Yesterday there was a man in the dining hall who is not normally there. In fact, it was probably the first and last time he would be there. Picture a stereotypical Buddhist monk. That’s close to what he looked like. I don’t think he was actually a Buddhist monk though. He had a bunch of food in plastic packaging arrayed in front of him, and a white pentagonal wagon covered in red letters. I don’t remember the exact words, but the message was something about peace and love. Also, a brief mission statement. That was a subject that he was happy to talk about when asked.

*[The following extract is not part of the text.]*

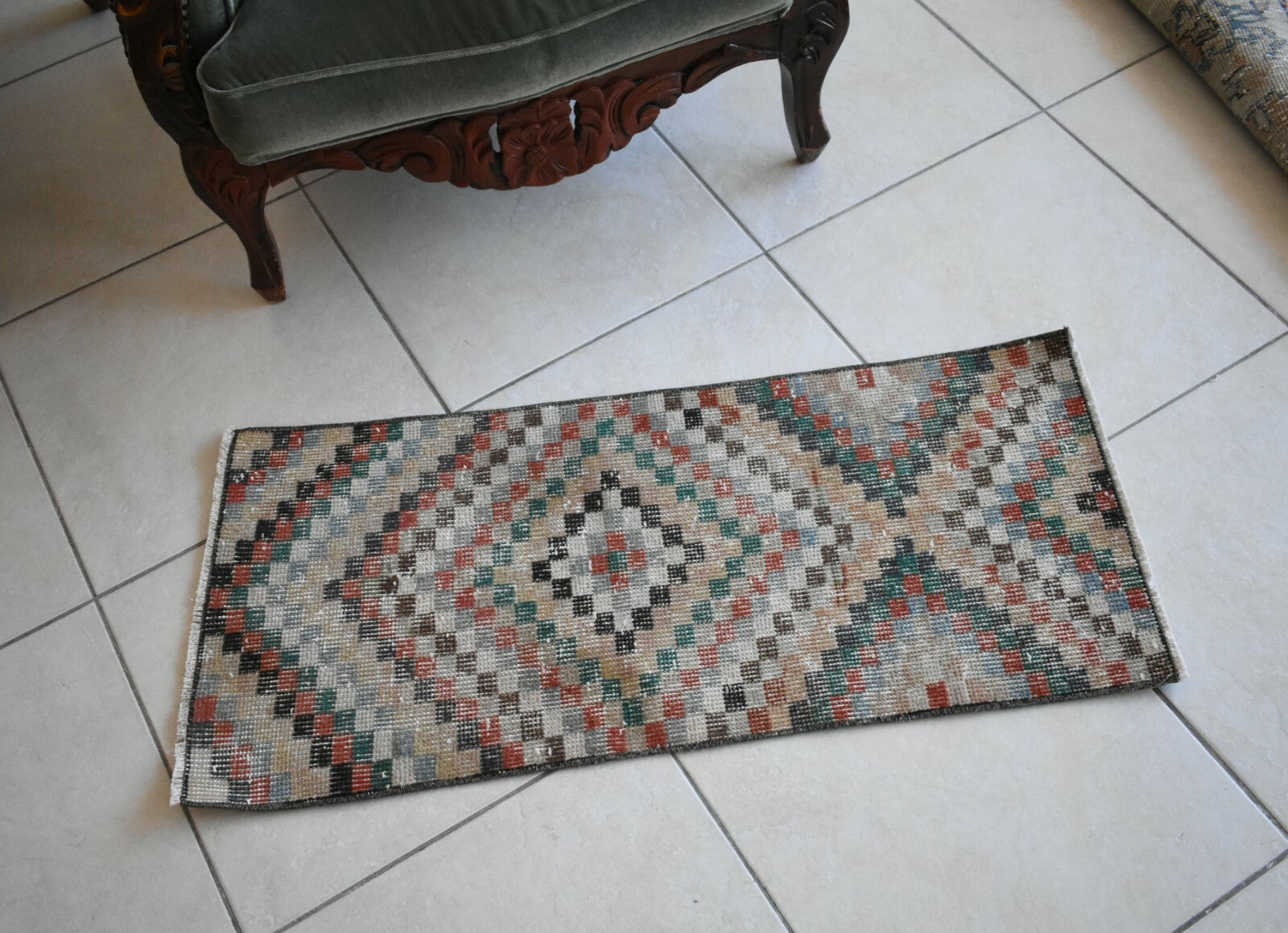 Oushak Runner 3.1x1.3 ft Vintage Turkish Rug Small Runner Anatolian Rug Y06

He told me that he had decided to walk across the entire world, living only off the generosity of others. He would accept gifts of food, water and clothing, but never money. Not a single penny. “But,” said I, “how do you intend to walk the whole world? You would need to cross an ocean eventually to do that.” To that, he said this: “in ten years, I will be in Argentina. There, I will get on a sailboat. No motor, no pollution. I will sail across the ocean once.” I asked him how he could justify his stock of plastic-wrapped food if he were concerned about pollution. He said that it was a necessary evil: he couldn’t get food otherwise. He said that humans were a necessary evil. He told me that, confronted with the evil of his existence, he once tried to kill himself. Now, he seeks to correct a decadent society. He told me that humans were too concerned with their own pleasure – that they had lost sight of their purpose, and that they had lost sight of a simple truth of the universe. He told me this: everything is alive. Every rock, every tree, every molecule, even the empty space between atoms or between worlds. I was a little skeptical of that part, but “life” isn’t as well-defined as I’d like to think. Gesturing wildly, he told me these things.

The last time I saw the man, he was still in the dining hall, talking to a pair of security guards. He was gone this morning.

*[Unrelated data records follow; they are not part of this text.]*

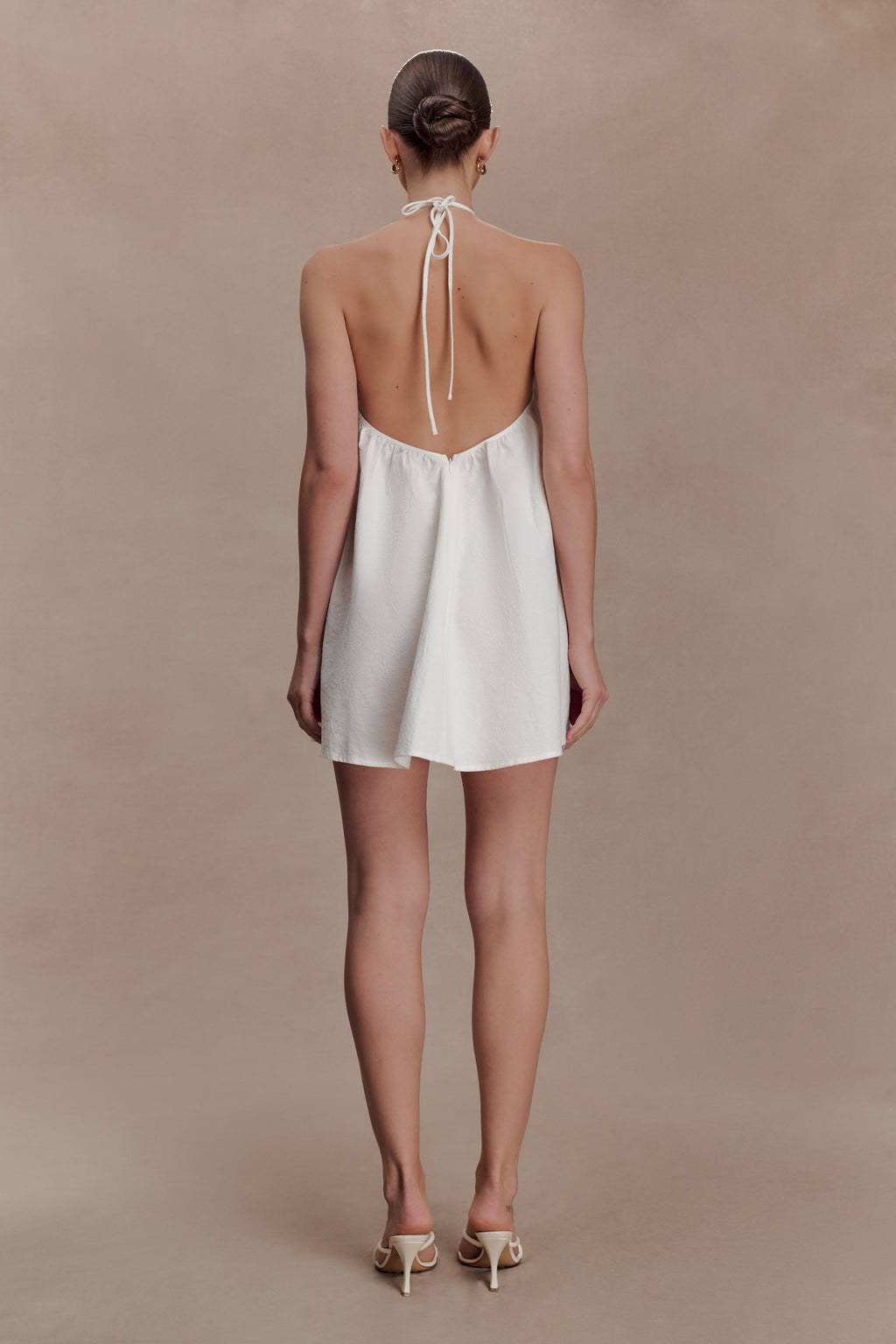 Sonja Keyhole Halter Cotton Mini Dress - White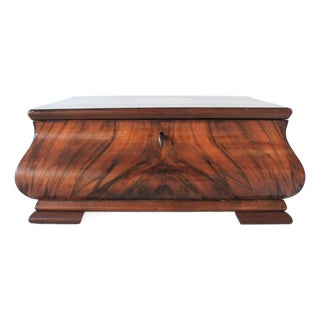 Vintage Wood Marquetry Inlay Trinket or Jewelry Box With a Rose Design Lock & Key For Sale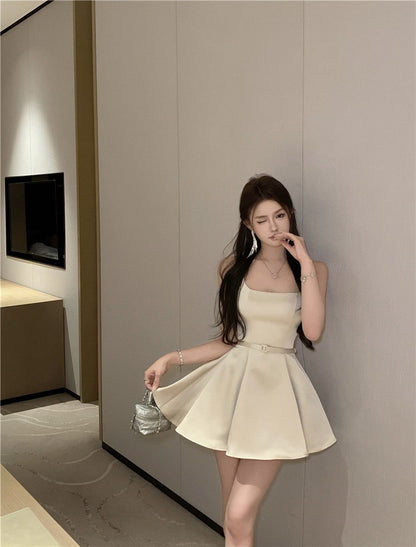 NA+ 小芭蕾 高級名媛氣質方領洋裝 香檳色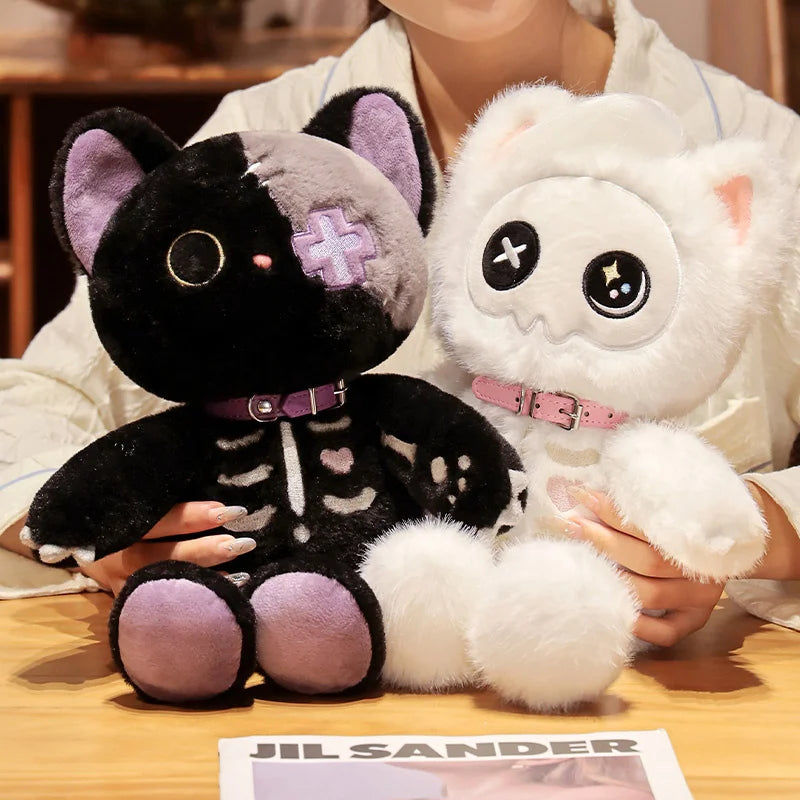 Kawaii Black Skeleton Cat Plush Toy | Fluffy Gothic Stuffed Animal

Earlier this evening, I was running along the shore when a different man cried out to me from the beach. Maybe beach is the wrong word. Beach implies sand, while this was more of a rocky slope down to the ocean. English ought to have a word for that. Anyway, this robust-looking bearded man was showing a thick, wet rope to me. He said this: “this is a basket.” I probably looked a little confused, so he explained further. He was collecting rope that had washed up on the shore. Then, he was going to make it into baskets. I agreed that it was a good idea. He told me this: “any gesture is important, even if it’s just symbolic.” Then he thanked me for attending the Standing Rock protests. That struck me as a little odd, mostly because I never actually did that. So I told him that I’d donated (which was true) but hadn’t been there in person (also true.) He said it didn’t matter that I hadn’t been there in person, and thanked me.

After that, I ran through Point Ruston. It looks like a fairly high end neighborhood, but the construction work makes it difficult to navigate. Then, I went up a hill and turned back toward campus.